Industry, government witnesses disagree on need for Tier 3 rules

Proposed regulations to further reduce sulfur content in gasoline by nearly 70% potentially could make refiners significantly alter their plant configurations while reducing product inventories and processing capacity, witnesses from two petroleum industry associations told a House subcommittee. A US Environmental Protection Agency official, meanwhile, said they are necessary nevertheless to protect public health.

“In the decade since we set the Tier 2 vehicle and fuel standards, there have been advancements in vehicle catalyst technology and computer control technology that should enable significant, cost-effective reductions in motor vehicle tailpipe emissions,” Margo T. Oge, who directs EPA’s Transportation and Air Quality Office within EPA’s Air and Radiation Office, told the House Science, Space, and Technology Committee’s Energy and Environment Subcommittee on Nov. 2.

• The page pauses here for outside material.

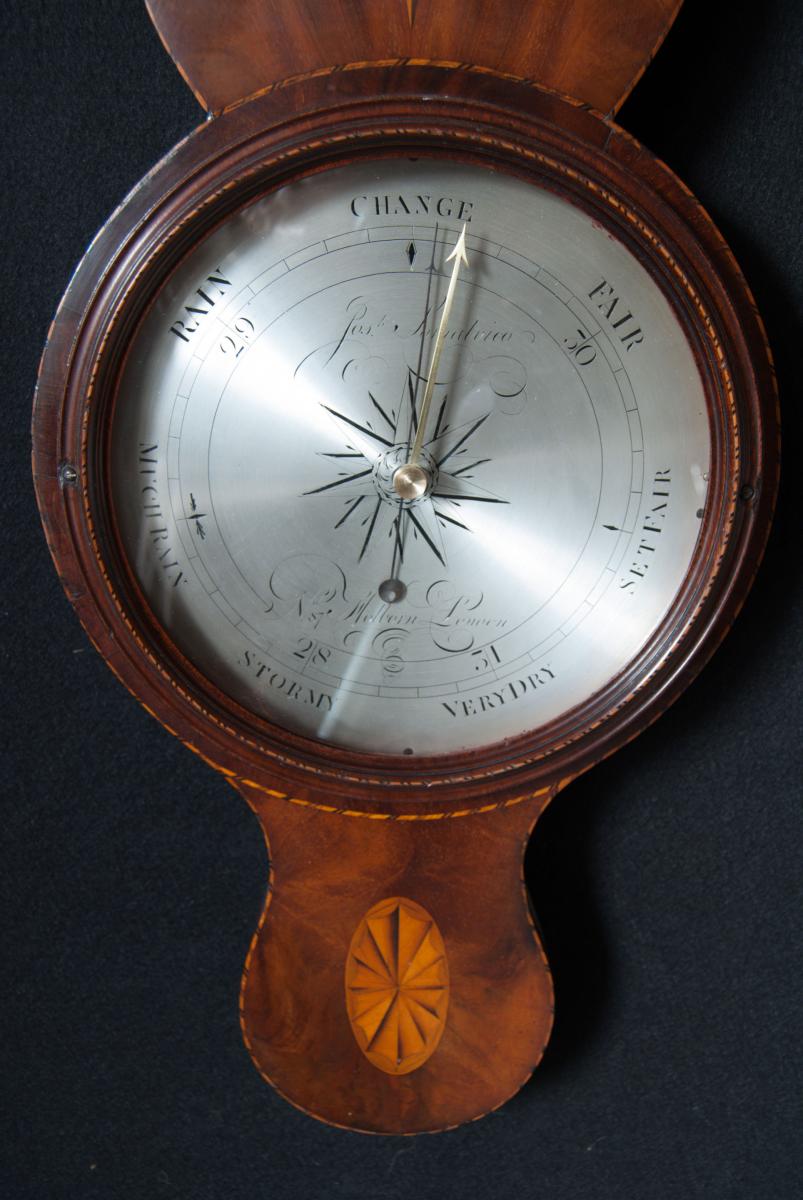 Joseph Somalvico - London. Outstanding 18th Century mahogany Wheel Barometer.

“Tier 3 vehicle and fuel standards have the potential to cost-effectively reduce [nitrogen oxides, particulate matter, and volatile organic compounds] by hundreds of thousands of tons.”

EPA is considering the vehicle and its fuel as an integrated system—an approach that worked well as it developed the Tier 2 standards, which were finalized in 2000, she said in her written testimony. “There [are] extensive data showing that gasoline sulfur degrades the performance of catalytic systems that are key to reducing emissions from gasoline vehicles,” Oge said. “Lowering the sulfur content of gasoline would make emission control technologies more effective for both existing and new vehicles.”

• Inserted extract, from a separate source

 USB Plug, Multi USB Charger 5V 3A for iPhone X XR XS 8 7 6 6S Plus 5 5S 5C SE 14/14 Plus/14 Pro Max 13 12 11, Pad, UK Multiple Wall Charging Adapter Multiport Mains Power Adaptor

She said gasoline sulfur reductions would help automakers meet new standards while significantly reducing emissions from existing cars and light-duty trucks. The Alliance of Automobile Manufacturers has urged EPA to bring its regulations in line with California’s so automakers could build a single version for nationwide sales, she added.

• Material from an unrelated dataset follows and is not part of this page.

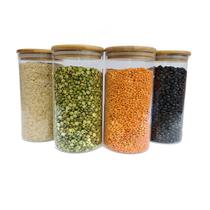 Potes de Vidro P/ Mantimentos 1100ml C/ Tampa Bambu - 4 Pçs Oikos Potes de Vidro P/ Mantimentos 1100ml C/ Tampa Bambu - 4 Pçs Oikos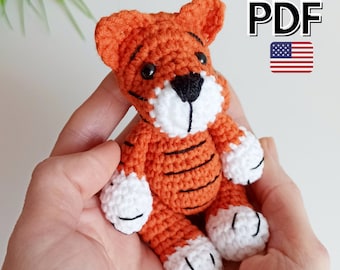 Tiger crochet pattern, amigurumi animal keychain, easy crochet pdf pattern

But witnesses from the American Petroleum Institute and National Petrochemical & Refiners Association told the subcommittee that gasoline sulfur emissions already have been reduced dramatically under existing regulations. “The rule could lead to significant domestic fuel supply reductions, higher petroleum product imports, potentially increased consumer costs, increased refinery emissions, closed US refineries, and reduced energy security,” warned Brendan Williams, NPRA’s senior advocacy director.

Unintended consequence

EPA’s Tier 2 regulations have cut sulfur levels by gasoline by 90% since 2004 from an average 300 ppm to an average 30 ppm today, he said. Hydrotreating, the principal technology used to reduce sulfur levels in gasoline and other motor fuels, requires energy consumption which results in greenhouse gas and other criteria pollutant emissions, Williams explained. “As a result, a regulation requiring a reduction of sulfur in petroleum fuel increases emissions that refiners are being told they must reduce under other Clean Air Act regulations,” he said in his written statement.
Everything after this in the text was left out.